The 1979 Beechcraft King Air the governor uses for travel was purchased in the late 80s. Governors have used planes to commute around the state since the 1960s.
According to the Governor’s Office, Bullock spends an average 191 hours on the state plane a year, and since 1981 Governors average 225 hours in flight a year.
Bullock’s campaign was not available, but spokesperson Jason Pitt sent Montana Public Radio an audio clip of a prepared statement.
"This is just another weird political stunt from an out-of-state multimillionaire who actually has his own personal plane."
Lee Banville, a political writer and journalism professor at the University of Montana says Wednesday’s press conference ramped up an ongoing attack. He says the Gianforte campaign has gone from criticizing Bullock’s use of the plane to saying there shouldn’t be a state plane at all.
"And is it a fair argument? You can certainly make that argument, but I think that both Republicans and Democrats have found it useful to be able to move around the state quickly. And so we have seen a bipartisan buying-into the idea that you will have a plane available to move from point A to point B when Montana is as big as it is.”

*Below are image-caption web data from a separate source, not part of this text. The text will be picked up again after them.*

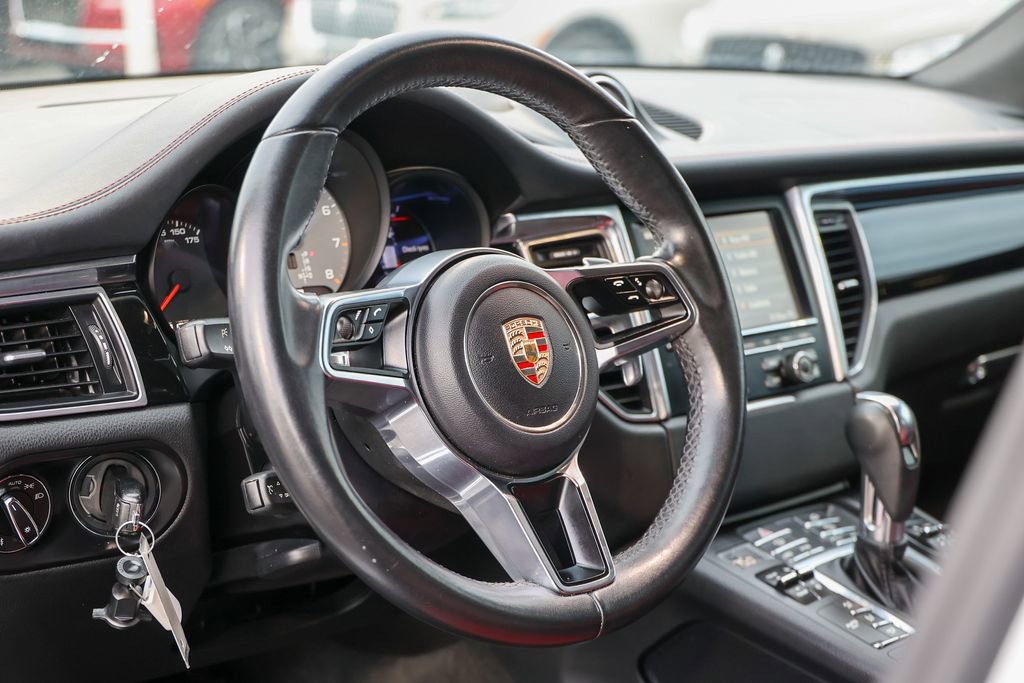 Used 2015 Porsche Macan S AWD/4WD image 31
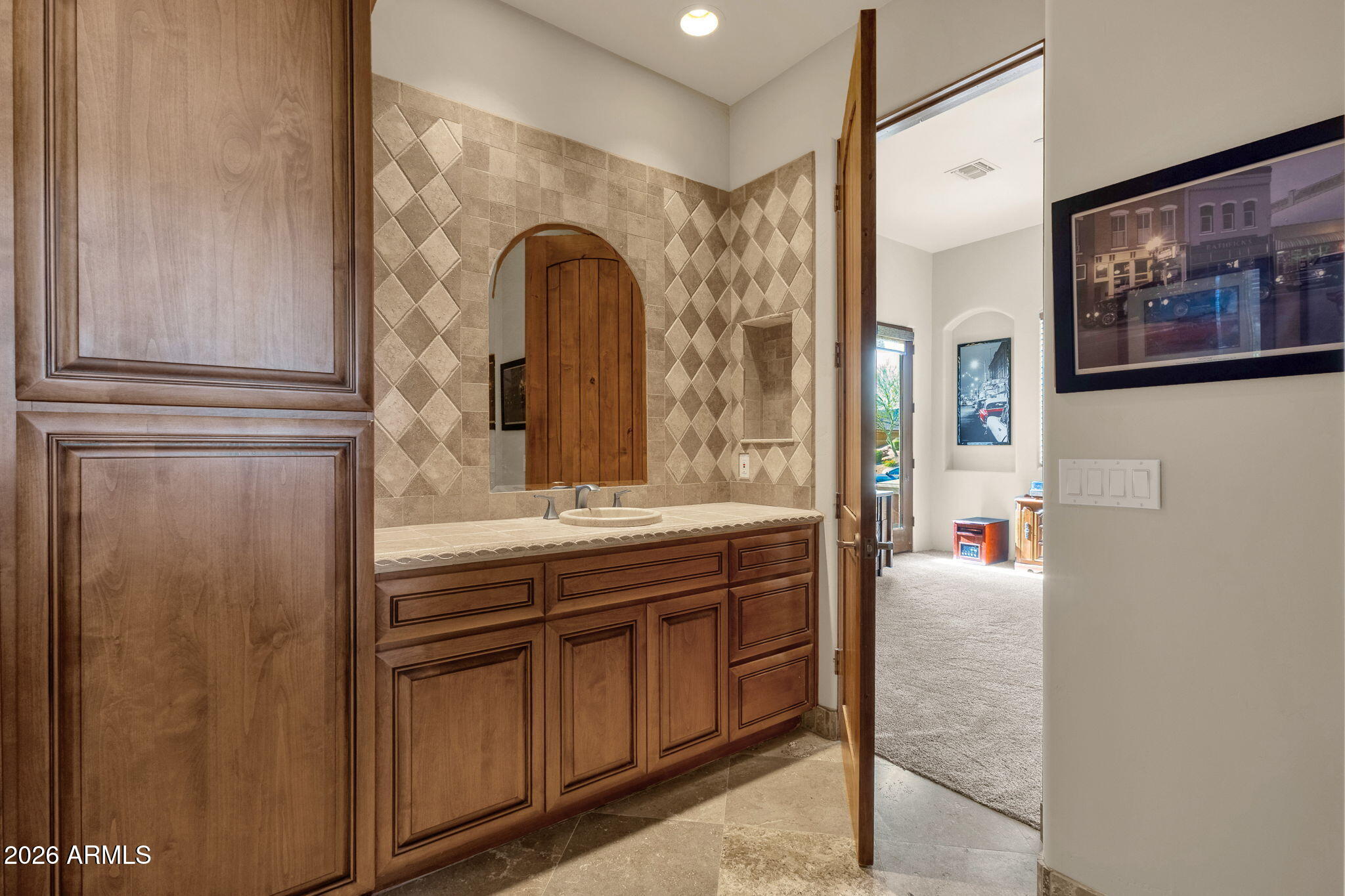 15105 E CAMELVIEW Drive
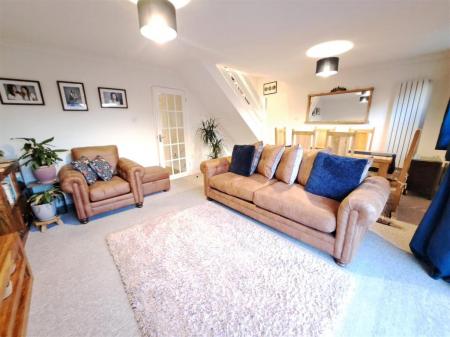 3 bedroom Terraced House to let in Cygnet Court, Portchester, Fareham, PO16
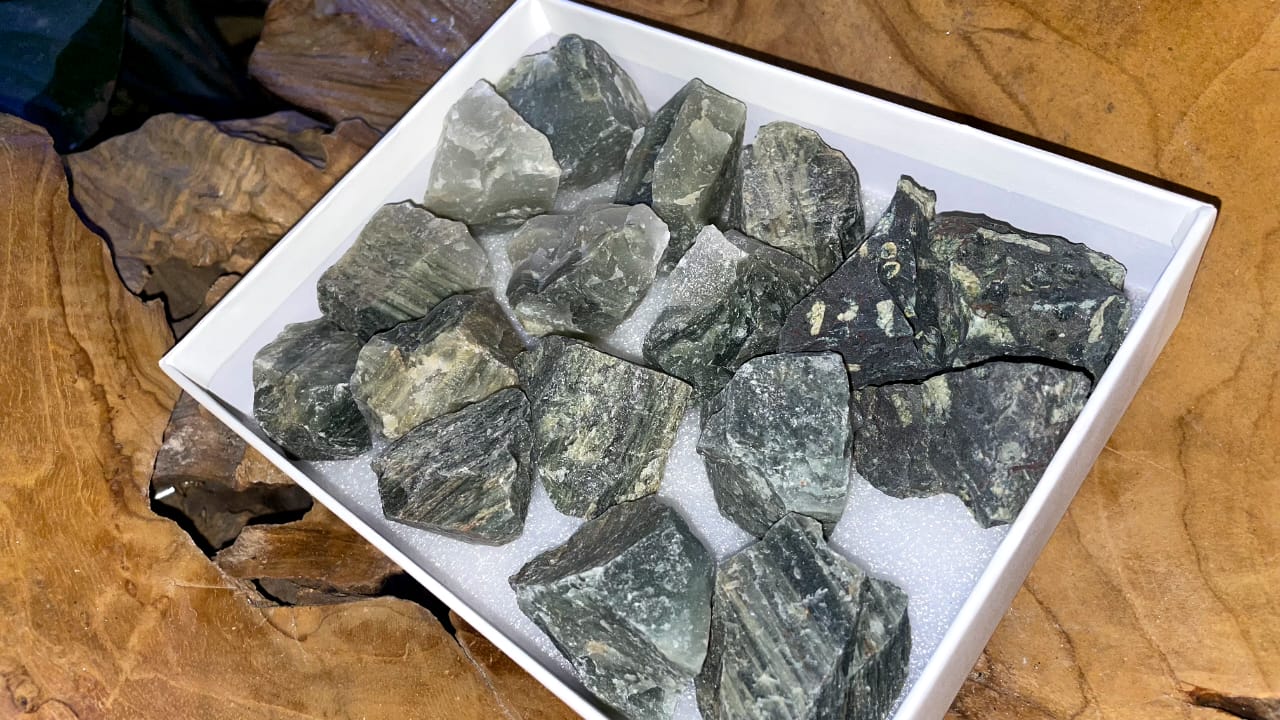 LARGE YOOPRLITE STONES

Banville says all election stories are going to get more attention the closer we get to November. And although this story has cropped up in the past, it might get more traction this time around.
“I do think that this will get more attention because of that. Because its Greg Gianforte getting up and saying 'I’m going to sell this plane, I think the governor should sell this plane. And it's time to stop wasting the taxpayers money.' It's going to have a different impact than a press aid trying to plant a story with journalists, which is kinda how they were pushing this story before."
Greg Gianforte says there are occasions when the Governor needs to fly, but he doesn’t think a plane needs to be available all the time for a Governor to conduct state business.
A statement from the governor's office said they would not consider selling the plane because quote “Montanans expect the governor they elected to efficiently visit their communities, to hear their concerns and to use their input to make responsible decisions.”
Fifteen minutes after Gianforte kicked off his press conference on the capitol steps, Governor Steve Bullock was on board the state plane. He flew from Helena to Deer Lodge, about fifty miles away. A thirty minute round trip in the air.